Money-market rates are ``the first barometer of the crisis,'' said Roland Lescure, chief investment officer at Groupama Asset Management in Paris, which oversees $120 billion. ``It reflects the lack of confidence of financial institutions. We don't yet know the impact on banks' earnings.''
Stoxx 600, Nikkei
Europe's Dow Jones Stoxx 600 Index fell 0.9 percent to 376.13. Germany's DAX Index lost 0.8 percent, while France's CAC 40 slipped 1.1 percent. The U.K.'s FTSE 100 decreased 0.8 percent.
Japan's Nikkei 225 Stock Average dropped 1.6 percent to 16,158.45. Markets also fell in Australia, South Korea, Taiwan, Indonesia and Vietnam.
Citigroup, the biggest U.S. bank, lost 72 cents to $46.49.
Mattel Inc. slipped 96 cents to $21.01. The world's largest toymaker announced its third recall in five weeks after finding about 848,000 Chinese-made Barbie and Fisher-Price products with paint that may contain excessive levels of lead.
Bradford & Bingley decreased 4.1 percent to 367.25 pence. The provider of about one in five loans to U.K. landlords was cut to ``underweight'' from ``overweight'' at Lehman Brothers.

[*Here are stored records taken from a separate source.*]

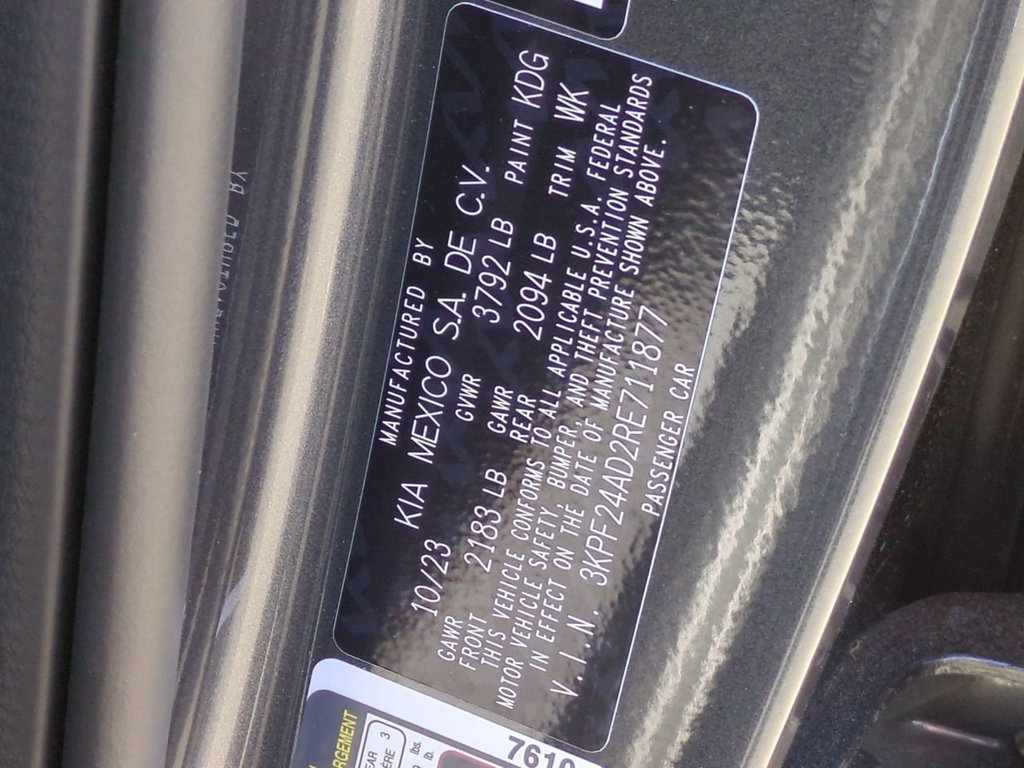 Certified 2024 Kia Forte LXS FWD image 31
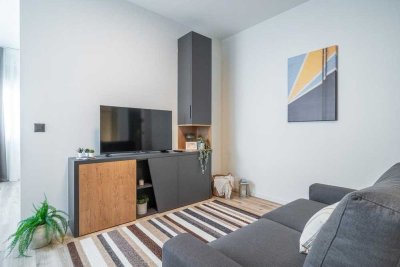 Vollständig renovierte 2,5-Zimmer-Wohnung und Balkon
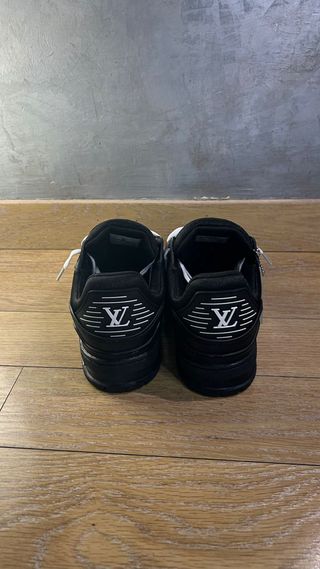 Louis Vuitton Trainer Sneakers Negras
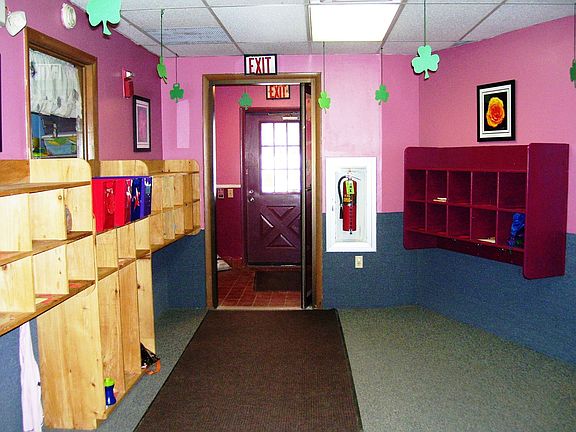 Entry Way 1 of 2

``Uncertainties in asset-backed markets and rising wholesale funding costs are likely to affect earnings within the sector and specifically at Bradford and Bingley,'' the analysts wrote.

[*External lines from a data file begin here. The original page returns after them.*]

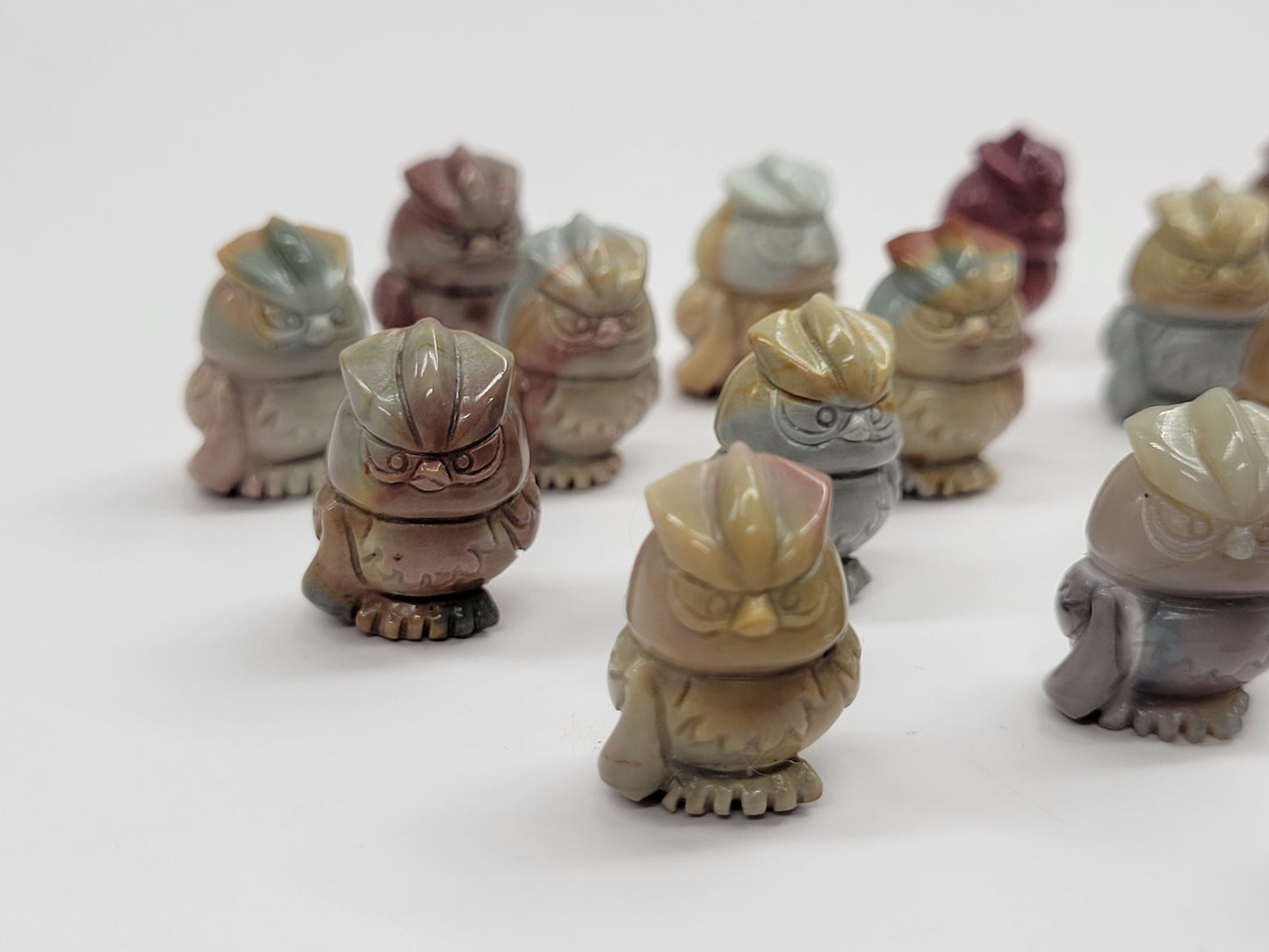 Alashan Agate mini carving - Owl 2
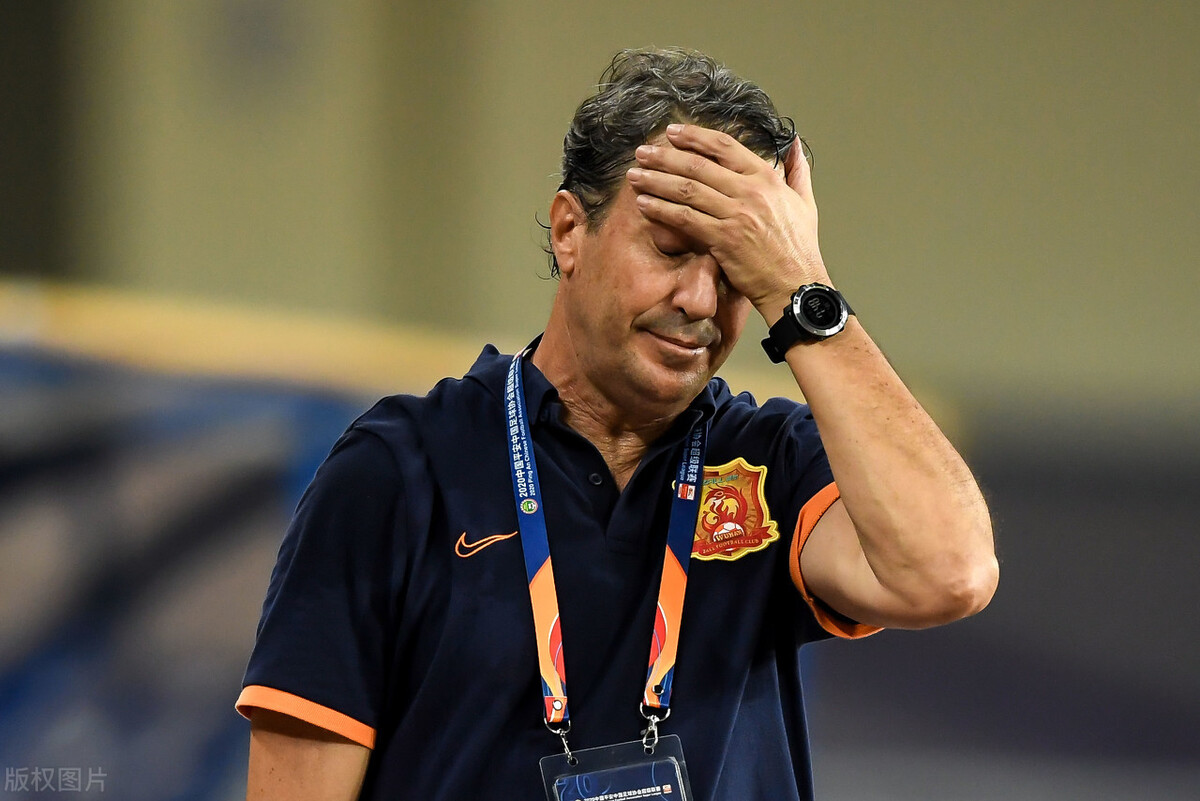 上海上港|破案了！从1-0到1-2，卓尔输球的罪魁祸首是谁？是85分钟送点的卡里索？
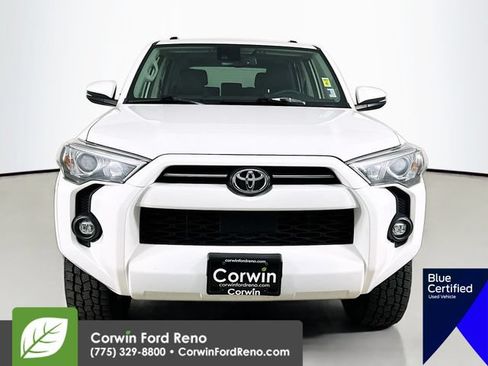 Used 2022 Toyota 4Runner SR5 Premium w/ Moonroof Package AWD/4WD image 2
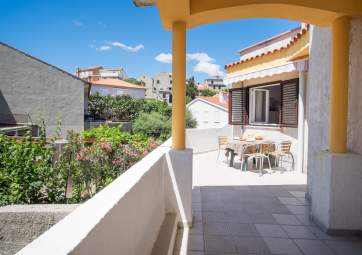 Saraga 1 - prostrani apartman blizu plaže (Croatian)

Societe Generale SA, France's third-largest bank, slid 2.6 percent to 118.77 euros. Northern Rock Plc, the worst performing U.K. bank stock this year, sank 3.3 percent to 708 pence. Lehman reduced its recommendation on shares of both banks to ``underweight'' from ``equal weight.''
Japan's Financial Regulator
Mizuho Financial Group declined 2.4 percent to 702,000 yen, the most since Aug. 17. Sumitomo Mitsui Financial Group Inc., Japan's third-largest bank, dropped 1.5 percent to 872,000 yen, its lowest since September 2005.
Japan's chief financial regulator Yoshimi Watanabe said the government is watching finance companies' half-year earnings for any losses related to the U.S. subprime mortgage crisis.
Michelin, Vedanta
Michelin & Cie. fell 2.4 percent to 91.66 euros. Rubber futures in Tokyo rose to the highest in four weeks. The contract for February delivery on the Tokyo Commodity Exchange climbed to as much as 253.3 yen a kilogram ($2,183 a metric ton), the highest since Aug. 9.

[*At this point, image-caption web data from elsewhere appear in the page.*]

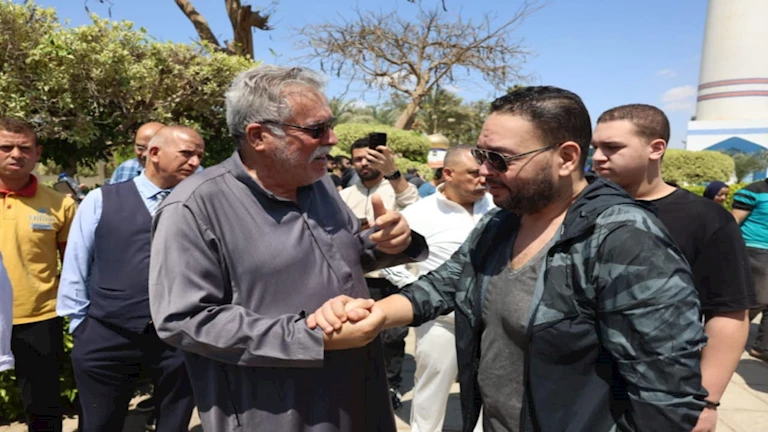 بالصور.. وفاء عامر وأحمد زاهر ورزق في جنازة زوجة نضال الشافعي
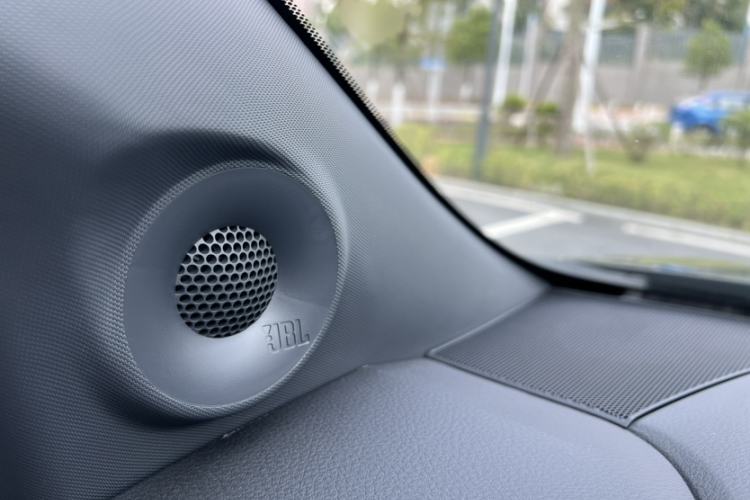 Used Toyota Granvia 2022 2.5L Hybrid Flagship Edition Interior 15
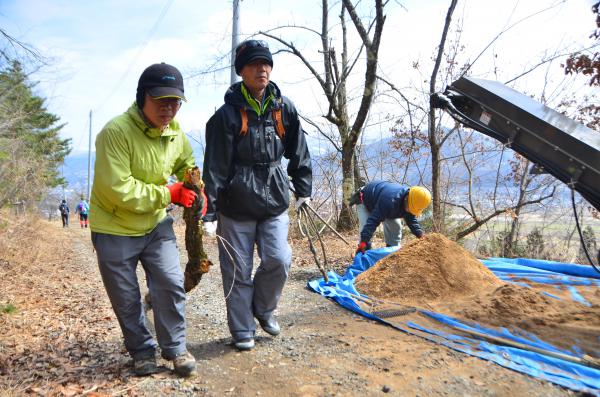 重たい木を運ぶ参加者の皆さん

Vedanta Resources Plc climbed 4.5 percent to 1,872 pence. Shares of India's largest producer of copper and zinc rose to a record in London trading after Merrill Lynch & Co. added the stock to its ``Europe 1'' list.
Anglo Irish Bank Plc added 1.8 percent to 14.40 euros. The country's third-largest lender by market value said earnings for the year ending in September will exceed analysts' estimates as it increases lending.
Crude oil traded near a four-week high in New York as rising U.S. share prices bolstered investor confidence in economic growth. The contract for October delivery fell 1 cent to $75.07 on the New York Mercantile Exchange.
Statoil ASA gained 2.2 percent to 175 kroner. Citigroup Inc. upgraded shares of Norway's largest oil and gas company to ``buy'' from ``sell.'' Citigroup raised its price estimate by 15 percent to 195 kroner.